Reference Keyframe Decisions
Adopted
- The shared
ReferenceKeyframePolicy contract lives in src/core/reference_keyframe_policy.h and is now the boundary for reference-keyframe experiments.
- The runtime keeps
heuristic as the default policy inside tracking. This preserves the current behavior while making the decision swappable.
- Every future policy trial must ship with an update to
experiments/reference_keyframe/scenarios.csv and regenerated docs.
Current Comparison Outcome
- Top curated-corpus accuracy tie:
score (0.929), pipeline (0.929).
- The runtime default stays
heuristic as the core baseline while experiments compete under the shared contract. Current curated counters: fp=2, fn=0.

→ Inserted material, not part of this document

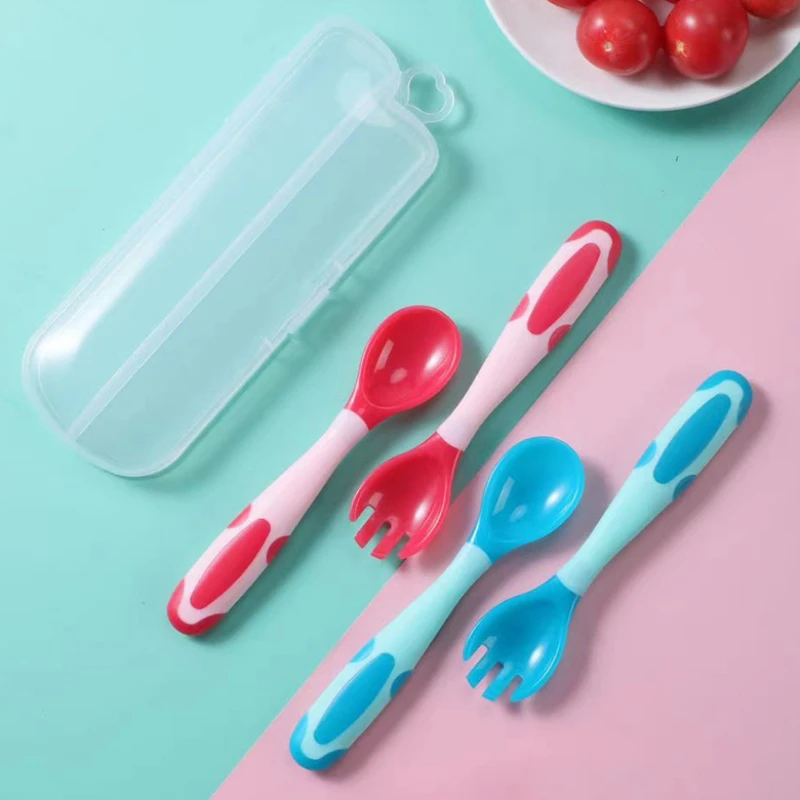 Silicone feeding spoon Silicone cutlery set Learning spoons Fork spoon set Baby cutlery BPA Free Baby Spoon Feeding Training Non-Slip Flexible Twisting Fork Spoon Tableware with Storage Box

pipeline is the leading experimental candidate when latency matters (20.59 ns/eval), but it still misses room_mono_confident_refresh.
score stays as the conservative experiment with curated counters fp=0, fn=1.
- No experimental policy is promoted into
core yet. The gate for adoption is replaying the same policy on real TUM/EuRoC traces, not just the curated scenario corpus.
Real Trace Status
- Real-trace replay has not been generated yet. Run
bash scripts/eval_reference_policies.sh before changing the default policy.
Full Replay Stability Gate
- Full repeat-2 with
--repro-eval: heuristic=0.092±0.079, score=0.093±0.080, pipeline=0.107±0.117.
- Repeat-2 mode winners on the full bounded corpus:
depth=heuristic, depth_accel=score, mono=score.
- Worst full-corpus variance is
room_mono_head/score with std=0.080.
- No single policy dominates every mode under repeat replay, so the default stays in
core and the experiments remain policy candidates instead of migrations.
Room Hotspot Status
- Room-only repeat-2 with
--repro-eval: heuristic=0.161±0.104, score=0.160±0.101, pipeline=0.160±0.105.
- Room-only mode winners:
depth_accel=score, mono=pipeline.
- Worst room-only variance is
room_mono_head/pipeline with std=0.107.
- The room hotspot still does not justify a universal migration. It shows that
pipeline can win locally on room windows while the full-corpus repeat gate still favors score overall.
Rejected For Now
- Broad abstract refactors of
tracking are still off the table. Only decision seams with comparable inputs and metrics graduate into core.
- A single canonical implementation is also off the table.
score and pipeline stay intentionally discardable under src/experiments/.